◆ TASK DESCRIPTION: Should an entry contain an image, omit it and repeat the rest exactly.
===== TASK MATERIAL
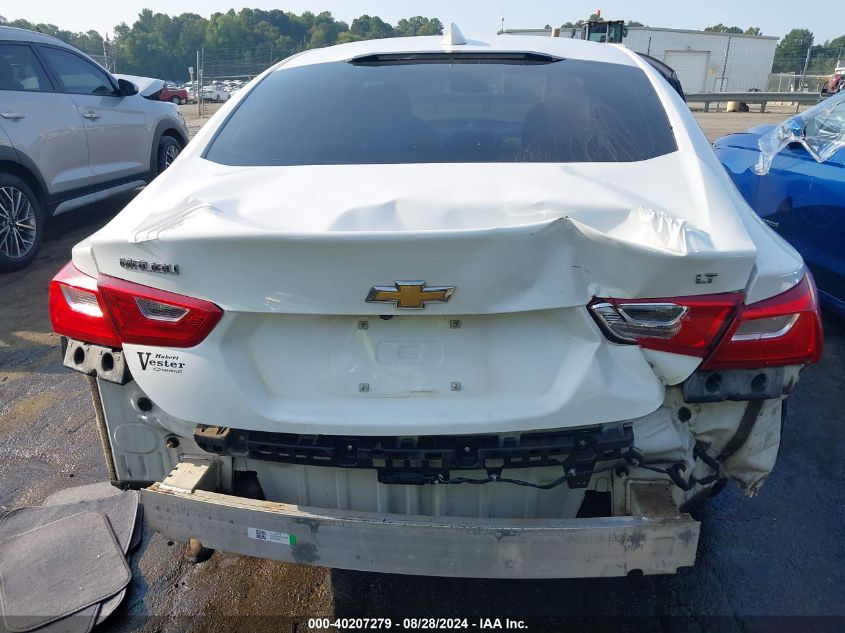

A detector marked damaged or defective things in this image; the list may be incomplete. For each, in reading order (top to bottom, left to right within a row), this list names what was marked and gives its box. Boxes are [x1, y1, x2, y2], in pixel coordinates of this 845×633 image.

damaged rear end of car [49, 34, 820, 576]
missing rear bumper cover [193, 424, 632, 488]
exposed bumper reinforcement bar [143, 460, 700, 576]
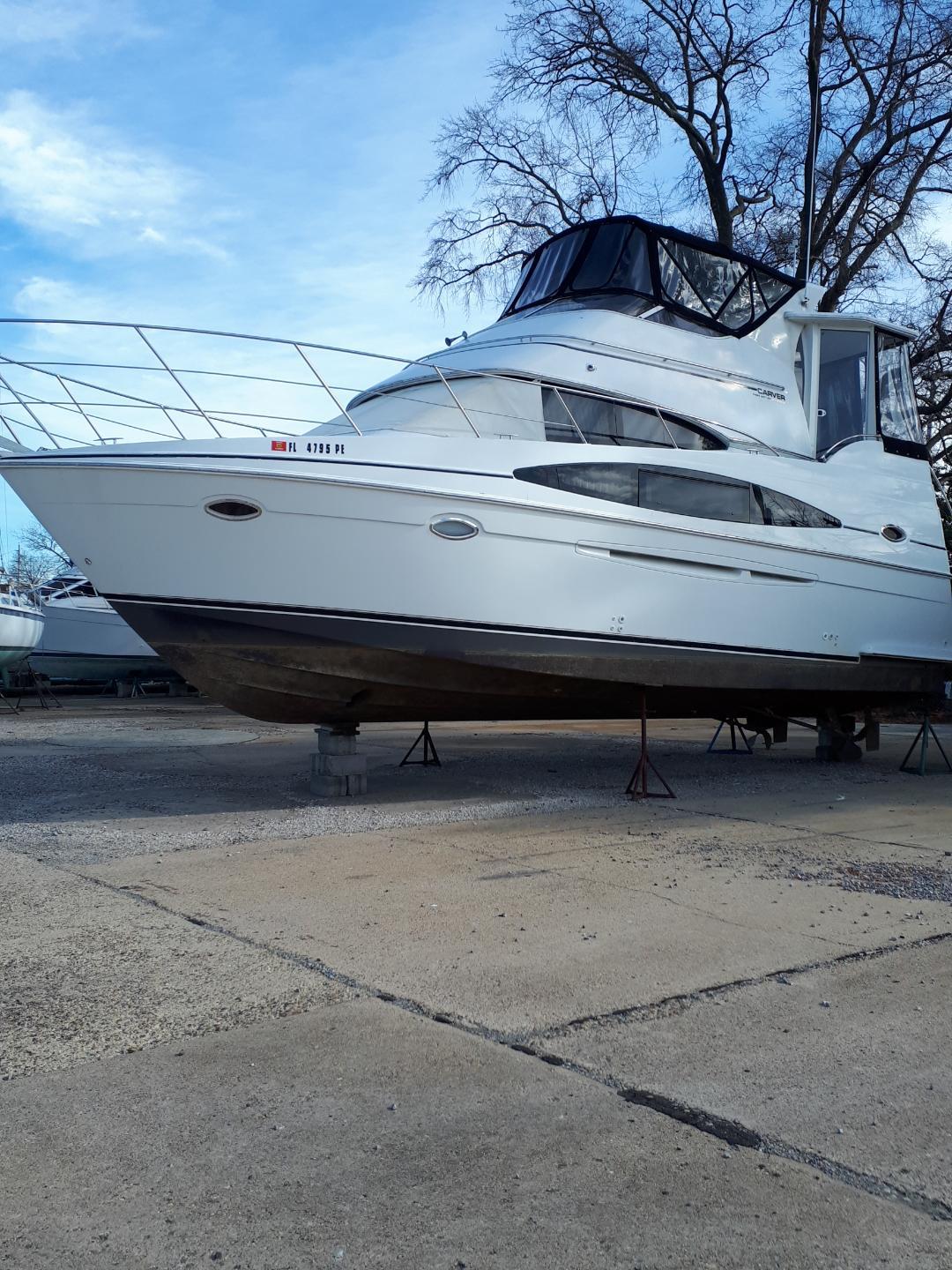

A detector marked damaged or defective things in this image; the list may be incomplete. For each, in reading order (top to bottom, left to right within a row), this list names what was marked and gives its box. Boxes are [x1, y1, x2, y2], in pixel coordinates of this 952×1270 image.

crack in concrete [69, 868, 952, 1224]
crack in concrete [532, 934, 952, 1041]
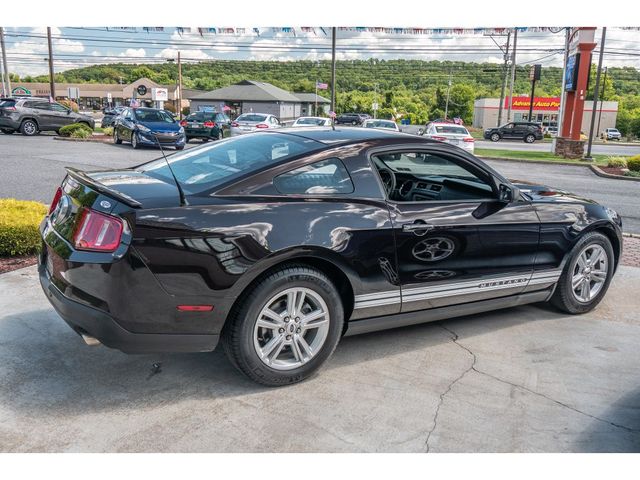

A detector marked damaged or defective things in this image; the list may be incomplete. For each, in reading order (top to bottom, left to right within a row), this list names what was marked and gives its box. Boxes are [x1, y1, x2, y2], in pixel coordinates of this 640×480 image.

crack in pavement [424, 324, 640, 452]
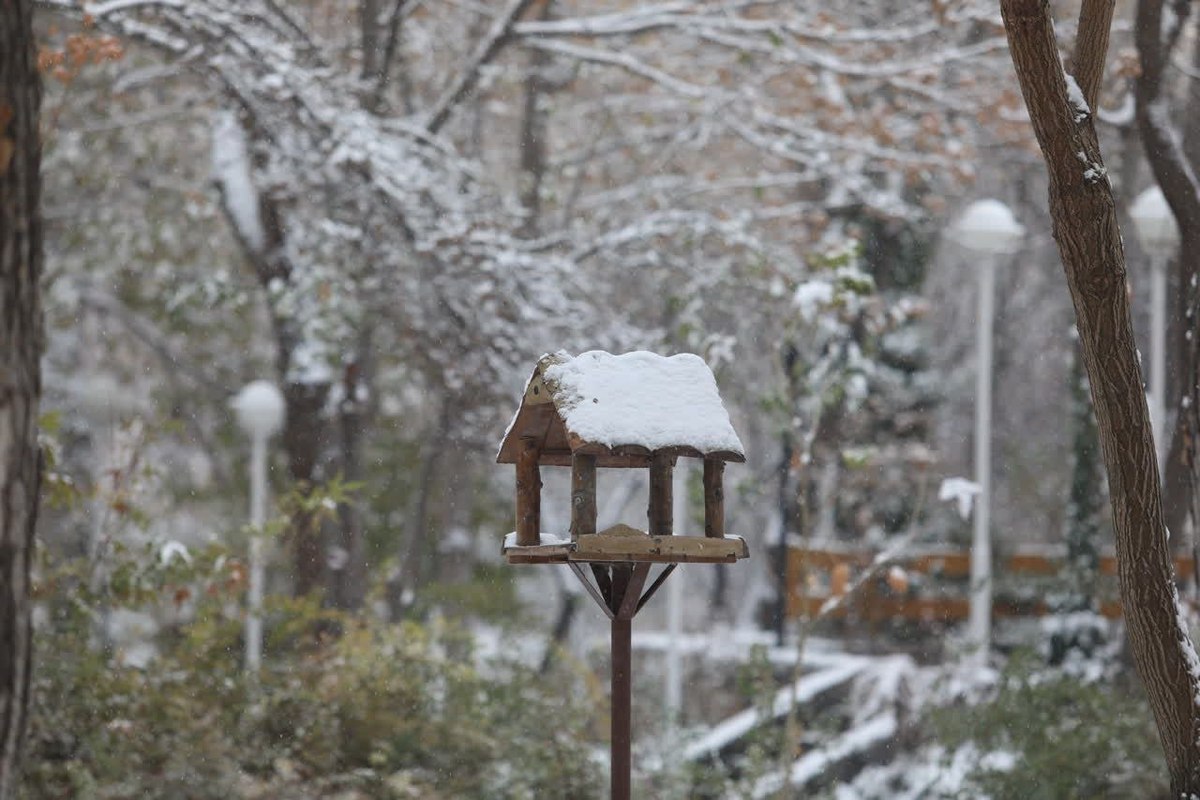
==========
◆ YOUR RESPONSE:
A detector marked damaged or defective things in this image; the list may be incomplete. For each, in reading order (top to bottom, left to right within a row), this list names what was marked and gives its box. Boxes are [x1, y1, x2, y2], in pixel coordinates of this 845×633 image.

damaged rear end of car [49, 34, 820, 576]
missing rear bumper cover [193, 424, 632, 488]
exposed bumper reinforcement bar [143, 460, 700, 576]

A detector marked damaged or defective things in this image; the list may be incomplete. For each, in reading order (top to bottom, left to right within a row), this list names what was marked and gives its box. Boxes are [x1, y1, x2, y2], in pixel coordinates of this 952×1270 image.

crack in concrete [69, 868, 952, 1224]
crack in concrete [532, 934, 952, 1041]

A detector marked damaged or defective things in this image; the list may be incomplete. For each, in reading order (top to bottom, left to right within a row), this list names what was marked and gives its box. Boxes are [x1, y1, x2, y2], in pixel coordinates of this 640×480 image.

crack in pavement [424, 324, 640, 452]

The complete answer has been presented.